En cuanto a los pormenores de lo que sucedió, el Catecismo empieza por recordar que no todas las autoridades religiosas de Israel participaron en la condena a muerte de Cristo (nº 595, 596). “Teniendo en cuenta la complejidad histórica manifestada en las narraciones evangélicas sobre el proceso de Jesús y sea cual sea el pecado personal de los protagonistas del proceso (Judas, el Sanedrín, Pilato), lo cual sólo Dios conoce, no se puede atribuir la responsabilidad del proceso al conjunto de los judíos de Jerusalén, a pesar de los gritos de la muchedumbre manipulada y de las acusaciones colectivas contenidas en las exhortaciones a la conversión después de Pentecostés. El mismo Jesús perdonando en la Cruz y Pedro siguiendo su ejemplo apelan a ‘la ignorancia’ de los judíos de Jerusalén e incluso de sus jefes. Y aún menos, apoyándose en el grito del pueblo: “¡Su sangre sobre nosotros y sobre nuestros hijos!”, que significa una fórmula de ratificación, se podría ampliar esta responsabilidad a los restantes judíos en el espacio y en el tiempo” (nº 597).

Antisemitismo

La Iglesia quiere, con este texto, terminar con toda justificación del antisemitismo, del odio a los judíos. Por desgracia, durante mucho tiempo, se utilizó la excusa de que los judíos habían matado a Jesús para justificar las persecuciones y asesinatos contra ellos. Se olvidaba, además, que el propio Jesús fue judío, como lo eran su Madre, la Virgen María, y todos sus apóstoles.

Los culpables de la muerte de Cristo fueron, fuimos en realidad los pecadores, todos los pecadores, judíos y paganos y también cristianos. “Y los demonios no son los que le han crucificado; eres tú quien con ellos lo has crucificado y lo sigues crucificando todavía, deleitándote en los vicios y en los pecados” (S. Francisco de Asís, admon. 5,3).

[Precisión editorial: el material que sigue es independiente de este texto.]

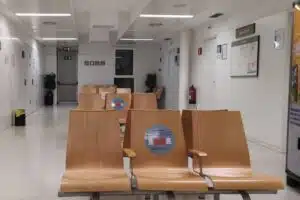 Centro de Salud CAP El Serral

Pero, por otro lado, la muerte de Cristo no es fruto de la casualidad. “Pertenece al misterio del designio de Dios” (Catecismo, nº 599), sin que eso signifique que los que crucificaron al Señor fueran meros ejecutores pasivos de un destino inevitable.

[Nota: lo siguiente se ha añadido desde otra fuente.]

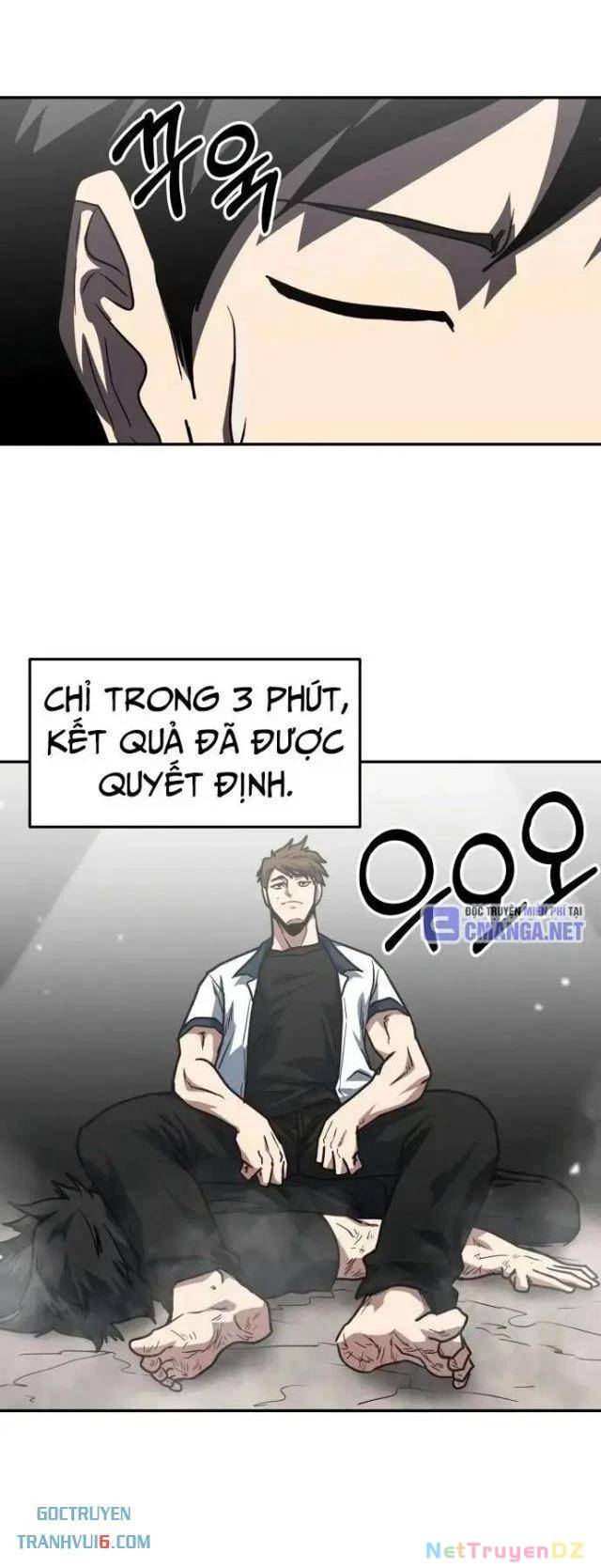 Trường Trung Học Thú Nhân Chương 81 Ảnh 29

El designio de la salvación a través de la muerte de Cristo había sido anunciado previamente en el Antiguo Testamento (is 53,11), como reconoce el propio Pablo en 1 Co 15,3: “Cristo ha muerto por nuestros pecados según las Escrituras”. “La muerte redentora de Jesús cumple, en particular, la profecía del Siervo doliente (cf. Is 53, 7-8). Jesús mismo presentó el sentido de su vida y de su muerte a la luz del Siervo doliente. Después de su Resurrección dio esta interpretación de las Escrituras a los discípulos de Emaús y luego a los propios apóstoles” (nº 601).

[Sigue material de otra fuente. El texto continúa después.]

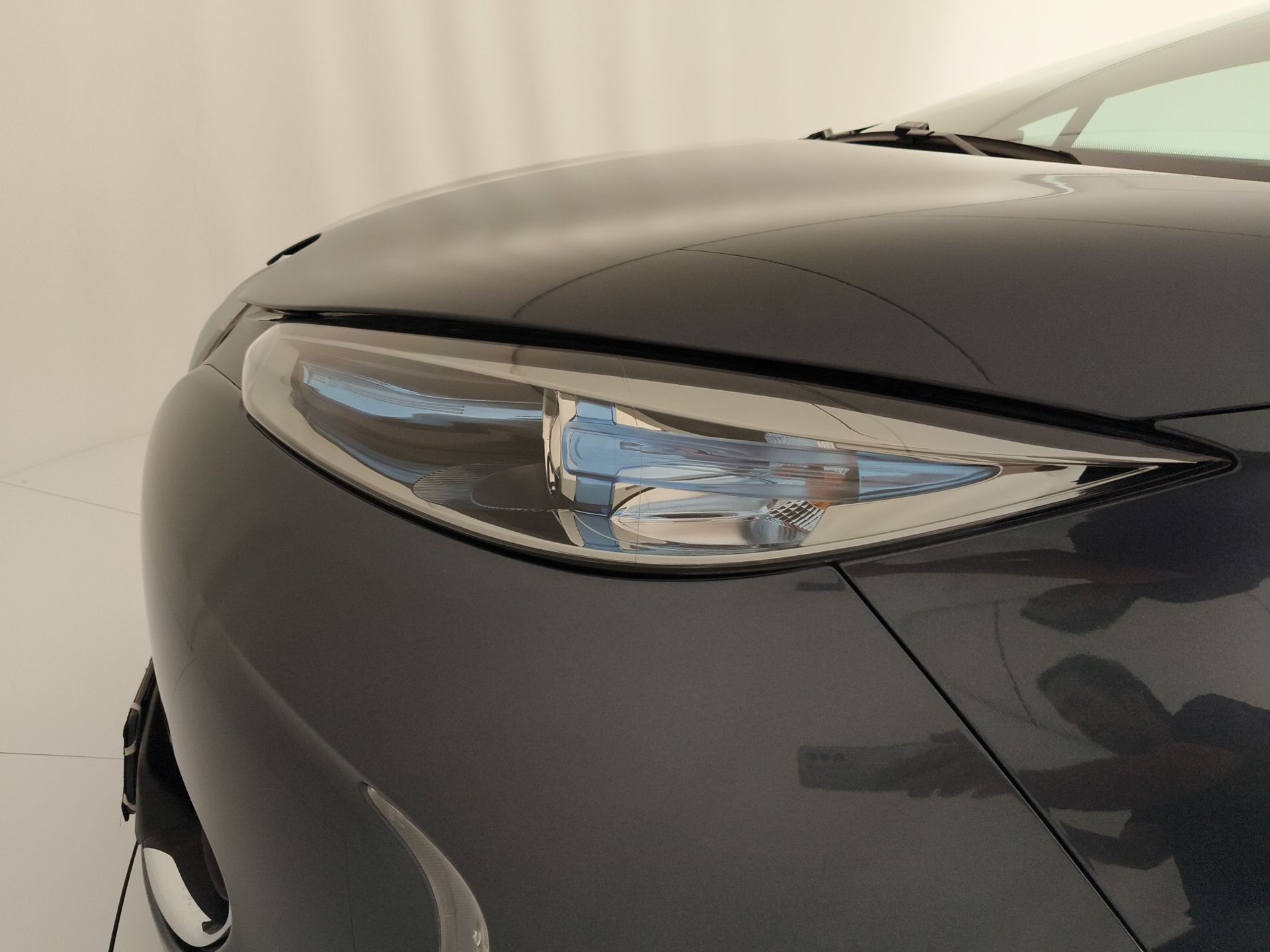 RENAULT Zoe Zoe Intens Q90 my18 - Messa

Este designio de salvación nos demuestra, en sintonía con lo que ya habíamos visto en la Encarnación, que Dios nos ama infinitamente y que ese amor es gratuito por su parte, sin mérito nuestro. “La prueba de que Dios nos ama es que Cristo, siendo nosotros todavía pecadores, murió por nosotros” (Rm 5,8). Un amor así no podía aceptar límites. “La Iglesia, siguiendo a los Apóstoles, enseña que Cristo ha muerto por todos los hombres sin excepción” (nº 605).

Uno con el Padre

El sacrificio redentor de Cristo no es algo que éste ejecute a espaldas del Padre. Una y otra vez insiste en que Él está en la tierra para hacer la voluntad del que le ha enviado (Jn 6,38). “El cáliz que me ha dado el Padre ¿no lo voy a beber?” (Jn 18,11).

“Jesús, al aceptar en su corazón humano el amor del Padre hacia los hombres, ‘los amó hasta el extremo’ (Jn 13,1) porque ‘nadie tiene mayor amor que el que da su vida por sus amigos’ (Jn 15,13). Tanto en el sufrimiento como en la muerte, su humanidad se hizo el instrumento libre y perfecto de su amor divino que quiere la salvación de los hombres. En efecto, aceptó libremente su pasión y su muerte por amor a su Padre y a los hombres que el Padre quiere salvar” (nº 609).

Su muerte redentora fue anticipada en la Última Cena, en la cual instituyó tanto la Eucaristía como el Sacerdocio cristiano. La Eucaristía será “el memorial” de su sacrificio y por eso manda perpetuarla a sus apóstoles, a fin de que en cada consagración se renueve el sacrificio -aunque ahora de forma incruenta- de la Cruz.